In the Kowalek Case (229 N. Y. 489) the rule is stated: “It is a general rule that if an employee is injured on the premises of the employer in going, with reasonable dispatch and method, to or from actual performance of the specific duties of the employment by a way provided by the employer or reasonably used by the employee, compensation must be awarded. The going to and from the actual work and the risk involved in it are reasonably incidental to the employment.”

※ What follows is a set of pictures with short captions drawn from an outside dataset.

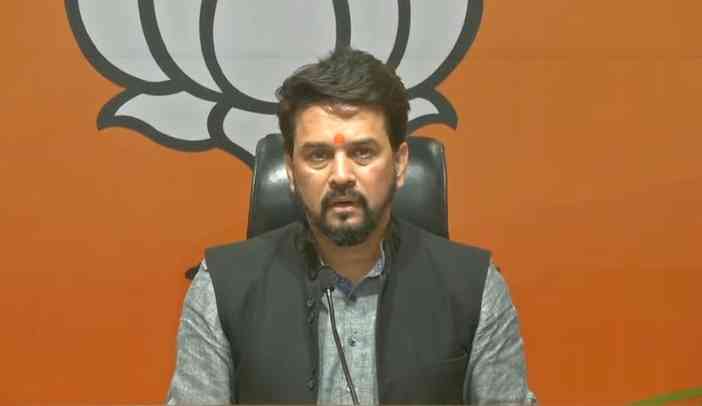 Congress does not look beyond Gandhi family: Anurag Thakur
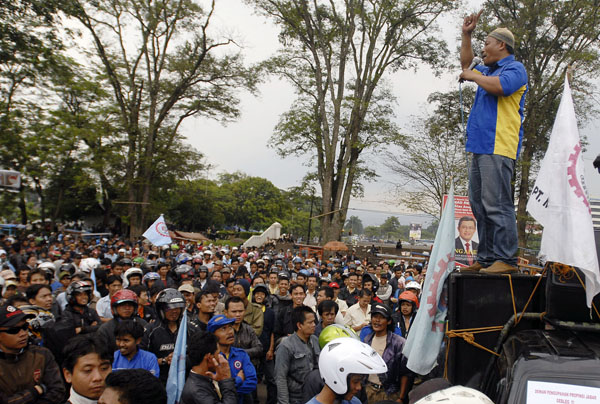  FOTO: Buruh Cimahi tuntut revisi upah minimum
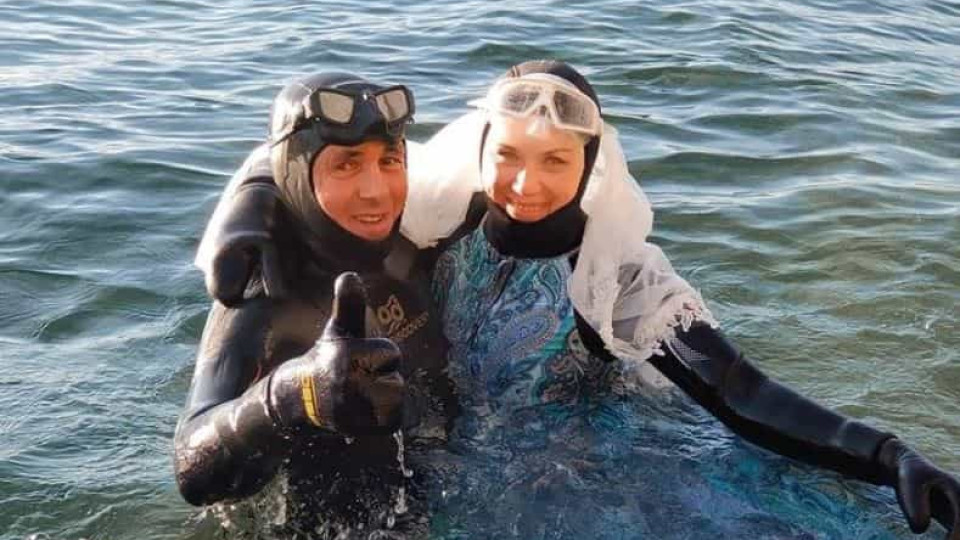 Noivos casam debaixo da água gelada de um lago da Rússia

In the Pierson Case (184 App. Div. 678; affd., 227 N. Y. 666), upon which the plaintiff relies, Mr. Justice Shearn said: “ Furthermore, it seems right that a motorman or guard who has been taken to the end of the line and is compelled to lay off for two hours or so before the next run should be protected by the act in the case of an injury sustained while in the precincts of the company awaiting his next tour of duty. There would, of course, be no question but that a motorman who had thus gone to the end of his line and who was provided a waiting place a few stations removed and who rode on the train to that waiting place and was injured on the way would be said to have sustained an injury growing out of and in the course of his employment.”
In White v. Slattery Co. (236 Mass. 28) the employee was going out of the building to get some theatre tickets, using an elevator provided for the employees. The opinion of the court in part reads: “The only reasonable inference of which these facts and the evidence are susceptible is that the injury to the plaintiff arose out of and in the course of her employment. When she entered the store on her way to work and pursued the proper course to the place of her labors, while in the performance of her duties as an employee and until she left the store by the ordinary means of exit, she was engaged in the pursuit of her employment, entitled to the protection and subject to the limitations of the Workmen’s Compensation Act.” And further: “ The plaintiff was leaving the store of her employer with the purpose of doing *386an errand on her own account having no relation to her employment. That fact is of no consequence under these circumstances. She was doing it on her own time and not on her employer’s time. She was in this particular in the same condition she would have been in leaving the store at the" end of her labor for the day. She had a right under the terms of her employment to go out at the lunch hour on her own affairs. She was as much within the scope of her employment as were any of the employees in.the cases cited where they have been held within the protection of the act.” (See Latter’s Case, 130 N. E. Rep. [Mass.] 637.)
It seems to be conceded that if the plaintiff had been going to her work and had been injured in this elevator, she would come within the Workmen’s Compensation Law and I do not understand the plaintiff’s counsel to contend if she were leaving her employment at the end of the day that she would not be within the Workmen’s Compensation Law. The distinction upon which he insists is that she was leaving at this particular time on a personal errand. But within the White case in Massachusetts, _ that distinction is held not to alter the rule of law, and this holding is well supported by sound reason, because the employer not only contracted to furnish her a safe entrance, but a safe exit whenever she had occasion, or had the right to leave the premises, whether for further work on behalf of her employer or for her own purposes.
In my judgment the plaintiff is covered by the Workmen’s Compensation Law and cannot recover in an action for negligence.
The judgment is, therefore, reversed, with costs, and the complaint dismissed, with costs.
Clarke, P. J., Laughlin and Merrell, JJ., concur; Page, J., dissents.